Biomarkers of transfusion transmitted occult hepatitis B virus infection: Where are we and what next?
Bibliographic record
Abstract
Blood transfusion is a vital procedure, where transfusion-transmitted infection of hepatitis B virus (HBV) remains an important issue, especially from blood donors with occult hepatitis B virus infection (OBI). Occult hepatitis B virus infection is a complex entity to detect using surrogate blood biomarkers for intrahepatic viral transcriptional activity, requiring a continually refined battery of tests utilised for screening. This review aims to critically evaluate the latest advances in the current blood biomarkers to guide the identification of OBI donors and discuss novel HBV markers that could be introduced in future diagnostic practice. Challenges in detecting low HBV surface antigen levels, mutants, and complexes necessitate ultrasensitive multivalent dissociation assays, whilst HBV DNA testing requires improved sensitivity but worsens inaccessibility.
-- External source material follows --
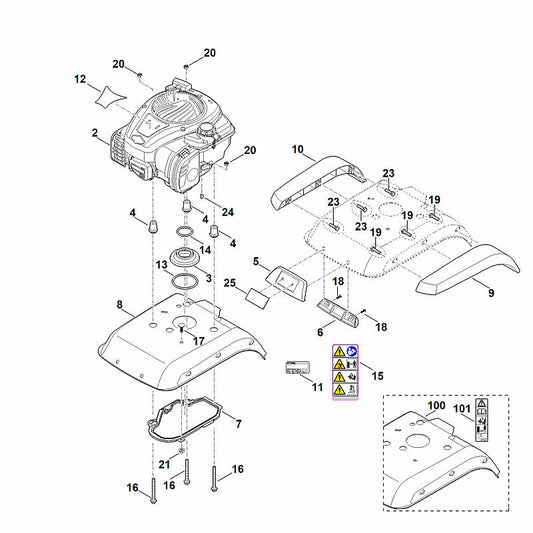 STIHL 6241-967-1505 typeplaatje MH 445 R positie 12 technische tekening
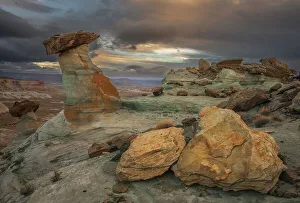 Badland Prints: USA, Utah, Capital Reef National Park. Cloudy sunrise on rock formations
Anti-core antibody assays defer almost all potentially infectious donations but have low specificity, and titres of anti-surface antibodies that prevent infectivity are poorly defined with suboptimal sensitivity. The challenges associated with these traditional blood HBV markers create an urgent need for alternative biomarkers that would help us better understand the OBI. Emerging viral biomarkers, such as pre-genomic RNA and HBV core-related antigen, immunological HBV biomarkers of T-cell reactivity and cytokine levels, and host biomarkers of microRNA and human leucocyte antigen molecules, present potential advances to gauge intrahepatic activity more accurately. Further studies on these markers may uncover an optimal diagnostic algorithm for OBI using quantification of various novel and traditional blood HBV markers. Addressing critical knowledge gaps identified in this review would decrease the residual risk of transfusion-transmitted HBV infection without compromising the sustainability of blood supplies.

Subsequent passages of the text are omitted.